Fix: Never associate two private hosted zones with the same name to the same VPC. Use a single zone and share it across accounts via cross-account VPC association. If you need per-account records, use subdomains: account-a.internal.example.com, account-b.internal.example.com.
# List all private hosted zones and their VPC associations
aws route53 list-hosted-zones \
--query 'HostedZones[?Config.PrivateZone==`true`].{Name:Name,Id:Id}' --output table
# For each zone, check VPC associations
aws route53 get-hosted-zone --id Z_ZONE_ID \
--query 'VPCs[].{Region:VPCRegion,VPC:VPCId}'
9. DNSSEC breaking resolvers¶
You enable DNSSEC signing on your hosted zone and create the DS record at the registrar. Everything works. Six months later, the KMS key used for signing is scheduled for deletion (someone ran aws kms schedule-key-deletion on it as part of a cleanup). The key is deleted. Route 53 can no longer sign responses. DNSSEC-validating resolvers now return SERVFAIL for your entire domain because the signatures are invalid.
Non-validating resolvers still work fine, which makes this a nightmare to debug: "it works for me but not for them."
Fix: Protect the KMS key used for DNSSEC signing. Apply a key policy that prevents deletion. Set up CloudWatch alarms for KMS key state changes. Before disabling DNSSEC, remove the DS record at the registrar first and wait for propagation (at least 48 hours based on the DS TTL).
# Check DNSSEC signing status
aws route53 get-dnssec --hosted-zone-id $ZONE_ID
# To safely disable DNSSEC:
# 1. Remove DS record at registrar
# 2. Wait 48+ hours for DS TTL to expire
# 3. Then disable DNSSEC signing in Route 53
aws route53 disable-hosted-zone-dnssec --hosted-zone-id $ZONE_ID
10. Health check in wrong region (or checking the wrong thing)¶
You create a health check that monitors your endpoint from Route 53's health check locations. But your endpoint is behind a WAF or security group that only allows traffic from specific IPs. The health checkers cannot reach the endpoint, so the check always fails, and failover is permanently triggered.
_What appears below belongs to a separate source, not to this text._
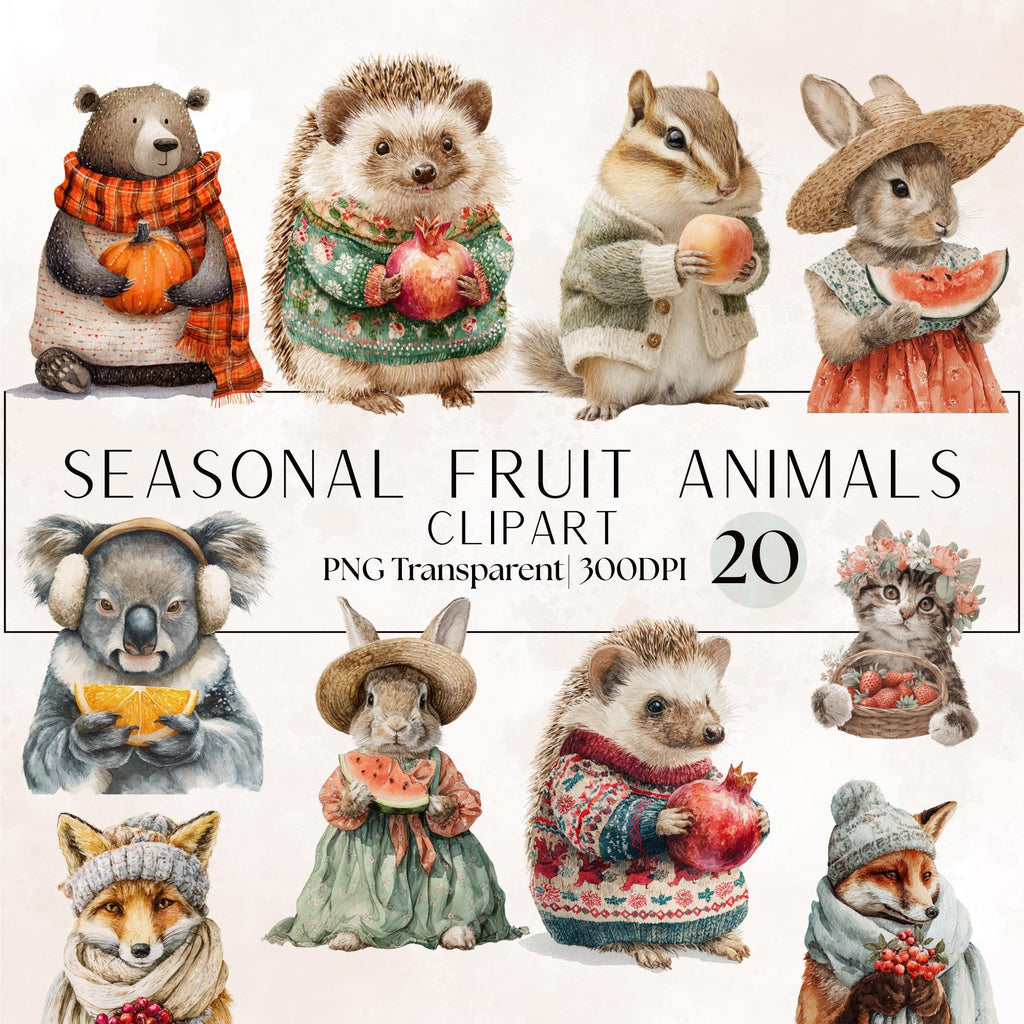 20 Seasonal Fruit Animals Clipart | Bunny, Bear, Fox, Cat, Squirrel | PNG Transparent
Route 53 health checks originate from known IP ranges in multiple AWS regions. You must allow these IPs.
# Get Route 53 health checker IP ranges
curl -s https://ip-ranges.amazonaws.com/ip-ranges.json | \
jq -r '.prefixes[] | select(.service=="ROUTE53_HEALTHCHECKS") | .ip_prefix'
# Add these to your security group or WAF allowlist
Another variant: you set up a health check monitoring a specific region's ALB (us-east-1-alb.internal.example.com) but the health checkers run from all regions. If the health check uses a private/internal DNS name that only resolves inside the VPC, the health checkers cannot resolve it.
Fix: Health check endpoints must be publicly reachable from Route 53's health checker IPs. If you cannot expose the endpoint publicly, use a CloudWatch alarm-based health check instead.